Overall, the budget paints a picture of a country that understands how important its tech infrastructure will be to its future success. How will Australia’s tech industry change? Businesses across the world are still wrapping their heads around what digital currencies could mean for their respective industries. Powered by blockchain technology, popular options like Bitcoin were a focus of the latest Federal Budget, showing the Australian government is aware of the growing attention fuelling the technology.
The changes relate to the way the currency is taxed. At this stage, it’s considered “intangible property” so people have to pay tax twice to acquire and use Bitcoin. It will soon be treated in the same way as conventional money, which The Guardian reports will slightly decrease GST collections, but hopefully offer a boost to the country’s financial technology industry. The other sector set for expansion is advanced manufacturing, with the government targeting the automotive industry in particular.
Vehicles are advancing rapidly, with hybrid technology, active safety systems and autonomous driving options all in various states of mainstream adoption. With a pledged $101.5 million injection from the Advanced Manufacturing Fund, the government intends to establish laboratories where research projects can take place. Can it bring rural areas together? Treasurer Scott Morrison said on the night of the Federal Budget that servicing rural areas is a key aim of the ongoing NBN roll out.
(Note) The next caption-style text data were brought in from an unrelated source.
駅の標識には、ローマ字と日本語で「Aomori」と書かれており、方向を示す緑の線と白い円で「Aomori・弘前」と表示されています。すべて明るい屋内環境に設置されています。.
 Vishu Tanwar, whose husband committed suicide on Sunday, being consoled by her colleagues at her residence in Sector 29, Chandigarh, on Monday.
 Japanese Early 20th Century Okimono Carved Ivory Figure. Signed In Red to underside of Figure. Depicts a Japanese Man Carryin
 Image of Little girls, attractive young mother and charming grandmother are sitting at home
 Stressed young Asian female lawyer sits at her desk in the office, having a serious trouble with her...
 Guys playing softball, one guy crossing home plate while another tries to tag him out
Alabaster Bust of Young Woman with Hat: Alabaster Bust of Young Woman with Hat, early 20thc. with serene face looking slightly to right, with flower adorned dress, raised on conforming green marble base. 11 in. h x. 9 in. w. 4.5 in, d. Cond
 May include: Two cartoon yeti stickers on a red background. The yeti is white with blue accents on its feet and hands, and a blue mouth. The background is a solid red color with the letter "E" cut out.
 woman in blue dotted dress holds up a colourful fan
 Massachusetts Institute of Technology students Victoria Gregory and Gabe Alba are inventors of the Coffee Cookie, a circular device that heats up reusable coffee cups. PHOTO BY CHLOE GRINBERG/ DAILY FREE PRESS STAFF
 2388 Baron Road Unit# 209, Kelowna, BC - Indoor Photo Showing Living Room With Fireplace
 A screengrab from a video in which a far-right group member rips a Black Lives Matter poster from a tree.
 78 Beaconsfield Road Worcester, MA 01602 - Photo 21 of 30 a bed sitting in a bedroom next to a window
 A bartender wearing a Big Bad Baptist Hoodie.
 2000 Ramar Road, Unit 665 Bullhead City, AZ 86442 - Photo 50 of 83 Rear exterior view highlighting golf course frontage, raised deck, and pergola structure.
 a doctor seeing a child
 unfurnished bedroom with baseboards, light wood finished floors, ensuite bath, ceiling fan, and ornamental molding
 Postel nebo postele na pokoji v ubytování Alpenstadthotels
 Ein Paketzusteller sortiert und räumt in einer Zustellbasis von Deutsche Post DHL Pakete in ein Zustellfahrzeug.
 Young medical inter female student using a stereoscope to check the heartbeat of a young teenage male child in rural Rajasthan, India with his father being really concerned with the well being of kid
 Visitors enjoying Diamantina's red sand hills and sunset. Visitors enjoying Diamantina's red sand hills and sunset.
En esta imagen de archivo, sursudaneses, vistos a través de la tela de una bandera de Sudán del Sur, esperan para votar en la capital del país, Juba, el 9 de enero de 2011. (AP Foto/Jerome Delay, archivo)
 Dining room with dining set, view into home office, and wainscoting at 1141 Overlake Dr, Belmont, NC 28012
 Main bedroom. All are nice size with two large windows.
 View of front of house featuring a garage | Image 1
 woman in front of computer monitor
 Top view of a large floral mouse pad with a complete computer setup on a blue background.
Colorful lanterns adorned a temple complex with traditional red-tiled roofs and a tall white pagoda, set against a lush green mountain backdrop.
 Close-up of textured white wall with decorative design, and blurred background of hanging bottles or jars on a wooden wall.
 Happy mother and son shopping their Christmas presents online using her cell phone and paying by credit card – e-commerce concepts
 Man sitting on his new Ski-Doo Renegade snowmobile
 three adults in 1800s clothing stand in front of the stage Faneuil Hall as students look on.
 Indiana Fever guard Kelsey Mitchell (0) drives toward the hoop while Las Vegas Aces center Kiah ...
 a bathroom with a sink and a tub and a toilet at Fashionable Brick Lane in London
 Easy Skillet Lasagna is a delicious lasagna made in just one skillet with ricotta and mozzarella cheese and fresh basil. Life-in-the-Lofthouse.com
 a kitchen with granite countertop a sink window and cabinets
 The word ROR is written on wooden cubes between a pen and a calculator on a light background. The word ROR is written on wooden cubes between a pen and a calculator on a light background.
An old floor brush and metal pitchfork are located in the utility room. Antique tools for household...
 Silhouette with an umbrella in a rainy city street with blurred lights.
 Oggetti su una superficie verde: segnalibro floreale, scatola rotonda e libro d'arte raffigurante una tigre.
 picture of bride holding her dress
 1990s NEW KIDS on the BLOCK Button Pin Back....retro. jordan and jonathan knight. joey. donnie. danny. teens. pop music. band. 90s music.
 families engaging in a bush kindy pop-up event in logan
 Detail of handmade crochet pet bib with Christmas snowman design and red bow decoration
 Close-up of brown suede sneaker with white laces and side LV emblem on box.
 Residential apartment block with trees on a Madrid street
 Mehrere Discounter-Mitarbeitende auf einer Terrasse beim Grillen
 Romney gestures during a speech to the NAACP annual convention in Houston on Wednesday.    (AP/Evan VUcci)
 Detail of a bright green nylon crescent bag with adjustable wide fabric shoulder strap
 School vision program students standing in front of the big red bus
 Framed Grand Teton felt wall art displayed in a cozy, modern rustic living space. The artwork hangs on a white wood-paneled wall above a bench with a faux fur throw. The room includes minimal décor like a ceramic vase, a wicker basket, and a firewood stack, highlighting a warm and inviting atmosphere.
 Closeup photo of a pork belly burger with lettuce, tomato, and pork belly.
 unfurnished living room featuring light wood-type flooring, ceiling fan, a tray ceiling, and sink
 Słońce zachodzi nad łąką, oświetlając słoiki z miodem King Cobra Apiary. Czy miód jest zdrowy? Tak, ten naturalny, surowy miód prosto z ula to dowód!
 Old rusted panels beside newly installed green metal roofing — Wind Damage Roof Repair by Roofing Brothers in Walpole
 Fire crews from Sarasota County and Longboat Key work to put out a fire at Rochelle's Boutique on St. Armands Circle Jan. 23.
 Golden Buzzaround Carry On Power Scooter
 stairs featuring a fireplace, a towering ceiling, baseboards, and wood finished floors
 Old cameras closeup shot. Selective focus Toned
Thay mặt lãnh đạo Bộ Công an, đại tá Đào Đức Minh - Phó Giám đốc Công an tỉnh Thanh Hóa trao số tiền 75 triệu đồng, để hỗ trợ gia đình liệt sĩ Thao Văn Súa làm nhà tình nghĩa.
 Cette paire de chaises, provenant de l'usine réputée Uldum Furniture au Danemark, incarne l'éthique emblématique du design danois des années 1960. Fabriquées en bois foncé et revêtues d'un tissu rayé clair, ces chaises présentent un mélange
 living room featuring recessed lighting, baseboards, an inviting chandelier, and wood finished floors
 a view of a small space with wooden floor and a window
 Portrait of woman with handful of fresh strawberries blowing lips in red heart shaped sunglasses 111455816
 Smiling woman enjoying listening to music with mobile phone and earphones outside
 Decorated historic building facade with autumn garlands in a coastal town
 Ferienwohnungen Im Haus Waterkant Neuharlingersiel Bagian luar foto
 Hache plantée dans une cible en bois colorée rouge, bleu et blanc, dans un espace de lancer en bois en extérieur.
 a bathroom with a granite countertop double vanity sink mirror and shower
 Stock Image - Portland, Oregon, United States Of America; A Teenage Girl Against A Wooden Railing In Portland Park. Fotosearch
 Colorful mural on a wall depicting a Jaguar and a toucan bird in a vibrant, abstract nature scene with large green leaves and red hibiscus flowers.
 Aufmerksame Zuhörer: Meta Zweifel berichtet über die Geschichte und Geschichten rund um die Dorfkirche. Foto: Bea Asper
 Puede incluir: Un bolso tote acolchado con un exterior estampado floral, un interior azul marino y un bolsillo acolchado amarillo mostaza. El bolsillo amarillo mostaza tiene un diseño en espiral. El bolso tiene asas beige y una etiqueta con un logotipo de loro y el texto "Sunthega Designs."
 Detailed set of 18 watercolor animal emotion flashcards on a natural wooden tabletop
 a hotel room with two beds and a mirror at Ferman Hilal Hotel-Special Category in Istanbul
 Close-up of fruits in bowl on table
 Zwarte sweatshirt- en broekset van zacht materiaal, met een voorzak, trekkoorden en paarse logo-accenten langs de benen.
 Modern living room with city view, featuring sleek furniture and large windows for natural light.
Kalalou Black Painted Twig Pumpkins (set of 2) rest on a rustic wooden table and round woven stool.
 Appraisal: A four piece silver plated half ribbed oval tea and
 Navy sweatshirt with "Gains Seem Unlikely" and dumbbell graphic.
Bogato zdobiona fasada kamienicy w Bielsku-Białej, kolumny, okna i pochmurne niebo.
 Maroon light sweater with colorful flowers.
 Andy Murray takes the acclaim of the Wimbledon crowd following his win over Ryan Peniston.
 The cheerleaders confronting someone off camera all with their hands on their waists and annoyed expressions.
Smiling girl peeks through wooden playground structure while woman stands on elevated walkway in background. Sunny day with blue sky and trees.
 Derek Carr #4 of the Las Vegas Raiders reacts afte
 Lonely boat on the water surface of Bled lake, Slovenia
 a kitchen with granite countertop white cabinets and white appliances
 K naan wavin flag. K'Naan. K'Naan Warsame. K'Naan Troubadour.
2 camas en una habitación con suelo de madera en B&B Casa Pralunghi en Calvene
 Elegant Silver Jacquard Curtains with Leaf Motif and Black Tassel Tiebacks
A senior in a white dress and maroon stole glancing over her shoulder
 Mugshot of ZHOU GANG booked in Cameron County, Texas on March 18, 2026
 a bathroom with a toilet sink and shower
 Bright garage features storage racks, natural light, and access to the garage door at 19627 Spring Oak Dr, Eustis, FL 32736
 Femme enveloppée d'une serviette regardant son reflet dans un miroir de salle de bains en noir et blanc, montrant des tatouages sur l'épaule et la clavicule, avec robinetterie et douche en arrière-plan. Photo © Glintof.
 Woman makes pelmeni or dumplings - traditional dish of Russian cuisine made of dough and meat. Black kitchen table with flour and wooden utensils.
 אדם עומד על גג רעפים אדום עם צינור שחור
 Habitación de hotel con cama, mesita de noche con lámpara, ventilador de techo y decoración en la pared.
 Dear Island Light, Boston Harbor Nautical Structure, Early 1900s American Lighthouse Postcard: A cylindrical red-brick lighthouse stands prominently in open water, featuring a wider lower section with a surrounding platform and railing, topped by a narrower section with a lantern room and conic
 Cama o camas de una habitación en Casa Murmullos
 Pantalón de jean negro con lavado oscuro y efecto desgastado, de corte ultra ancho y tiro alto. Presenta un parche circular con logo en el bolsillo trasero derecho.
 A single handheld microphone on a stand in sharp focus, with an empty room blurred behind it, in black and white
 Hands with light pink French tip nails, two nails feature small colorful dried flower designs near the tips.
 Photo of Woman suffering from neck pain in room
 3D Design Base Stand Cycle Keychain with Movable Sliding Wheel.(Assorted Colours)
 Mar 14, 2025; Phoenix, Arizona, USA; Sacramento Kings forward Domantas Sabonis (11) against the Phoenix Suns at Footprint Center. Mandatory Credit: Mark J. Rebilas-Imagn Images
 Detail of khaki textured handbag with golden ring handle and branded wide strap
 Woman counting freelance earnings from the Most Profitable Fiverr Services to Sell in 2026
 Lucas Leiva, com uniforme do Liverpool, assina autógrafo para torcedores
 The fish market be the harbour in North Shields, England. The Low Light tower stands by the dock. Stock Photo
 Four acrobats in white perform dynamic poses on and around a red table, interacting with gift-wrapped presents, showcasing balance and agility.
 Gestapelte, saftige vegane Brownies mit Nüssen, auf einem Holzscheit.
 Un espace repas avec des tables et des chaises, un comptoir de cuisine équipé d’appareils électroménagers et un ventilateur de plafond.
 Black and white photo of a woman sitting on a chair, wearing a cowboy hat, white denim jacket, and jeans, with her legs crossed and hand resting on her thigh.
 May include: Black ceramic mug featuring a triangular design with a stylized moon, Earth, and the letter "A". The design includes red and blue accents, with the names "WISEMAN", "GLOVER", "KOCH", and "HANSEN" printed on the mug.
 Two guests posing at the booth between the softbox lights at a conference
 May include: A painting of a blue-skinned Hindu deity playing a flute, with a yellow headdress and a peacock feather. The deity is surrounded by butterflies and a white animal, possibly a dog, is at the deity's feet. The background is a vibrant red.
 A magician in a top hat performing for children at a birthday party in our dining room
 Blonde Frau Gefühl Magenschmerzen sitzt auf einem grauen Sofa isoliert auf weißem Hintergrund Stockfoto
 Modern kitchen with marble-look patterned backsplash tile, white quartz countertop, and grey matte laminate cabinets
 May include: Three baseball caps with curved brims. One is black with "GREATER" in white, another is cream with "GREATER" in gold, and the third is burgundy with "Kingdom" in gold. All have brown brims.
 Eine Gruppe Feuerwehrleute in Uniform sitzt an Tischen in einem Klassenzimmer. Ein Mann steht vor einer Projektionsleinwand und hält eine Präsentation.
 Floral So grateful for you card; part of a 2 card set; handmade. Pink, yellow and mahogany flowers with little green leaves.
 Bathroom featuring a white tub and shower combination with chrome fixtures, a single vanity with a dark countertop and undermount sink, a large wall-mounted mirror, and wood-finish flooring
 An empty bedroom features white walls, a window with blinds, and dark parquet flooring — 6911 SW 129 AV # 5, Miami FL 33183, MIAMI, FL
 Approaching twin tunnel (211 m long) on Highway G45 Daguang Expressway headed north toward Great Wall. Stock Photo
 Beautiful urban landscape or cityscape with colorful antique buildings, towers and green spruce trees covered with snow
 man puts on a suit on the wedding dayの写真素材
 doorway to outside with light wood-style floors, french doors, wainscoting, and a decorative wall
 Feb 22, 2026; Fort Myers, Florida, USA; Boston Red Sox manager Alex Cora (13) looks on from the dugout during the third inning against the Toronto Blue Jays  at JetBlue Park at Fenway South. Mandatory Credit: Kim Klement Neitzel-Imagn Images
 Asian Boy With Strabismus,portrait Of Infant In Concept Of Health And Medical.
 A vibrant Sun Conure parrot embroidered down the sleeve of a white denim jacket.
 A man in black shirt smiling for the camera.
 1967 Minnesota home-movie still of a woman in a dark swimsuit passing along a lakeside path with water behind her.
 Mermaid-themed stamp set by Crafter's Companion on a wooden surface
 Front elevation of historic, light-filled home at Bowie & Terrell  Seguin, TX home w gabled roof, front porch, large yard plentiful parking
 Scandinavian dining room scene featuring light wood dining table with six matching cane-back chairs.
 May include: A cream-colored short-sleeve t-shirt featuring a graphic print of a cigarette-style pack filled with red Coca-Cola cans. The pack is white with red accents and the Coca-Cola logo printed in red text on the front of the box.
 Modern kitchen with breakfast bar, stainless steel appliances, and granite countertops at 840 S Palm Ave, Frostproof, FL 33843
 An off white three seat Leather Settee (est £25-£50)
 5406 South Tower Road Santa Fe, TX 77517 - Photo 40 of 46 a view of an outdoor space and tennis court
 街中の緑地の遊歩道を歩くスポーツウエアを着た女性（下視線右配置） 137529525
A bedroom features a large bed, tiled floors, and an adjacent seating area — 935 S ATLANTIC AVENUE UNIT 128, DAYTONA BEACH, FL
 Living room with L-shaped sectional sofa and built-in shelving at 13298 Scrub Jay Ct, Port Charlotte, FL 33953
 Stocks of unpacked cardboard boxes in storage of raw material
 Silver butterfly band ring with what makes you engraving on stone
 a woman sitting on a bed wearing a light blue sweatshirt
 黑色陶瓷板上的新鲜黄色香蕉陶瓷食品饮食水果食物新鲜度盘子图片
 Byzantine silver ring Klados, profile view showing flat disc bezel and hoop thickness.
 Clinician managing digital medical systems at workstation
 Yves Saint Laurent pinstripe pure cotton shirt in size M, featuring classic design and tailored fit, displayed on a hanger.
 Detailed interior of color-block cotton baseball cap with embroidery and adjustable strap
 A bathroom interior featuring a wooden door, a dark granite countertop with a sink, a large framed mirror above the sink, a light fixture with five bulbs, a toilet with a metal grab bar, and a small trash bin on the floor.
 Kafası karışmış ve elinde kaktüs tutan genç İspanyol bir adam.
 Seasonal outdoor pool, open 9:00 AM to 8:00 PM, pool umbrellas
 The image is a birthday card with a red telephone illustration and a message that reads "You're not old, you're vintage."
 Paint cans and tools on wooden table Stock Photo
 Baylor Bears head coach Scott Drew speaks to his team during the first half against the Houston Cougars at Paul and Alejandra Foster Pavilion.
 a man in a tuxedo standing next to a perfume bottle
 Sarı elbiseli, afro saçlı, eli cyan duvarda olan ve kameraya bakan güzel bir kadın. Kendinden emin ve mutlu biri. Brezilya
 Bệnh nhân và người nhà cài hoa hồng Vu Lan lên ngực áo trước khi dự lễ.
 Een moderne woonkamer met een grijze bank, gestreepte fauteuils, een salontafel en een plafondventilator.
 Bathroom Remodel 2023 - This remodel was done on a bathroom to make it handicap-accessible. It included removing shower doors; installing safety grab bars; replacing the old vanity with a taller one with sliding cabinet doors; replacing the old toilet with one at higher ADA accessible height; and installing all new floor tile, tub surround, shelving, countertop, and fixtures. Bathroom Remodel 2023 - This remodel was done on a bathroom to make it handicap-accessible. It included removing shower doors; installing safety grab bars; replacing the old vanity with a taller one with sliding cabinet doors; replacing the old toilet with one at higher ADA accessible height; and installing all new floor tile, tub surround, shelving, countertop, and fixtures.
As trends such as remote working and the ongoing pressure for all businesses to interact with the digital world continue to grow, internet access will only become more critical. “By the end of April 2017, services were already available to over two million of these homes and businesses through fixed line, fixed wireless and satellite infrastructure, and will be available to around 3.6 million remote and regional premises by 2020,” he said.
It’s not just internet access and speed that needs to be improved in the country’s rural areas, but the mobile phone coverage as well. There’s already a Mobile Black Spot Program in operation, and that will continue to repair black spots until 2020, under a new funding round of $60 million. Could there have been greater changes? While the developments listed above mark targeted changes to growing industries – namely financial technology and advanced manufacturing – some communities feel the commitment to innovation isn’t as strong as it could be. A Business Insider article compiled quotes from a number of members of the startup community who feel the budget doesn’t do enough to help businesses operating in that space. Despite these concerns from people in the startup sector, there’s still a positive feel to the announcements and potential developments.